6 ways to improve your posture with back exercises
IMPROVING your posture with back exercises involves strengthening the muscles that support your spine and shoulders while also promoting better alignment.
Fitness trainer Giovanie White said these exercises are essential for improving posture because they strengthen the muscles that support the spine, shoulders, and upper back.
“Poor posture often results from weak back muscles and tight chest muscles, leading to slouched shoulders and a forward head position.
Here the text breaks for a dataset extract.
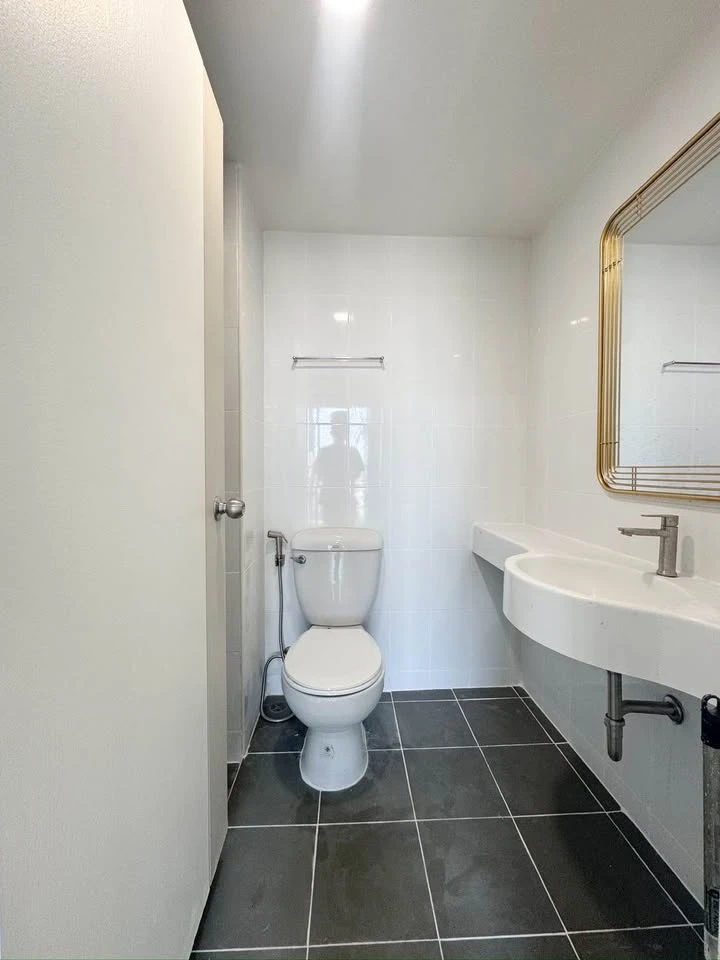 For sale: Lumpini Condo Town Ramintra-Ladprao 2. Two comfortable units, fully furnished, complete amenities. Just bring your belongings and move in!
By targeting key muscle groups like the rhomboids, traps, and erector spinae, these exercises help to pull the shoulders back, maintain spinal alignment, and reduce strain on the neck and lower back,” White said. “Strengthening these areas not only enhances posture but also reduces the risk of postural imbalances and chronic pain.”
He said good posture improves overall body mechanics and movement efficiency, and when your back muscles are strong and balanced, your body is better equipped to handle daily tasks and physical activities without fatigue or injury.
“Improved posture also enhances breathing capacity by opening the chest and allowing for better lung expansion,” he added.
He said incorporating these exercises into your routine helps to reverse the negative effects of prolonged sitting and screen time, leading to better spinal health, increased confidence, and a more aligned, pain-free body.
Here are some effective exercises to target key posture muscles:
Reverse fly
Targets: Upper back, rear deltoids
• Hold a dumbbell in each hand, hinge at the hips with a slight bend in your knees.
• With a neutral spine, lift the weights out to the sides, squeezing your shoulder blades together.
• Lower the weights slowly and repeat.
Reps: three sets of 12 reps
Face pulls
Targets: Upper traps, rear deltoids, rhomboids
• Use a cable machine or resistance band at face height.
• Pull the rope or band toward your face, keeping elbows high.
• Squeeze your shoulder blades together at the end of the movement.
Reps: Three sets of 10-12 reps
Supermans
Targets: Lower back, glutes
• Lie face down with arms extended in front of you.
• Simultaneously lift your arms, chest, and legs off the floor.
• Hold for two to three seconds, then lower.
Reps: Three sets of 10-12 reps
Wall angels
Targets: Upper back, shoulders
• Stand with your back against a wall, arms raised like a goalpost.
• Slowly raise and lower your arms while keeping contact with the wall.
Reps: Three sets of 10 reps
Rows (dumbbell or cable)
Targets: Mid-back, lats, rhomboids
• Hinge forward slightly, hold a dumbbell or cable, and row your elbow back.
• Focus on squeezing your shoulder blades together.
Reps: Three sets of eight-10 reps
Plank with row (renegade row)
Targets: Core, upper back, shoulders
• In a plank position, hold dumbbells.
• Row one arm at a time, keeping your core engaged and hips stable.
Reps: Three sets of eight reps per side.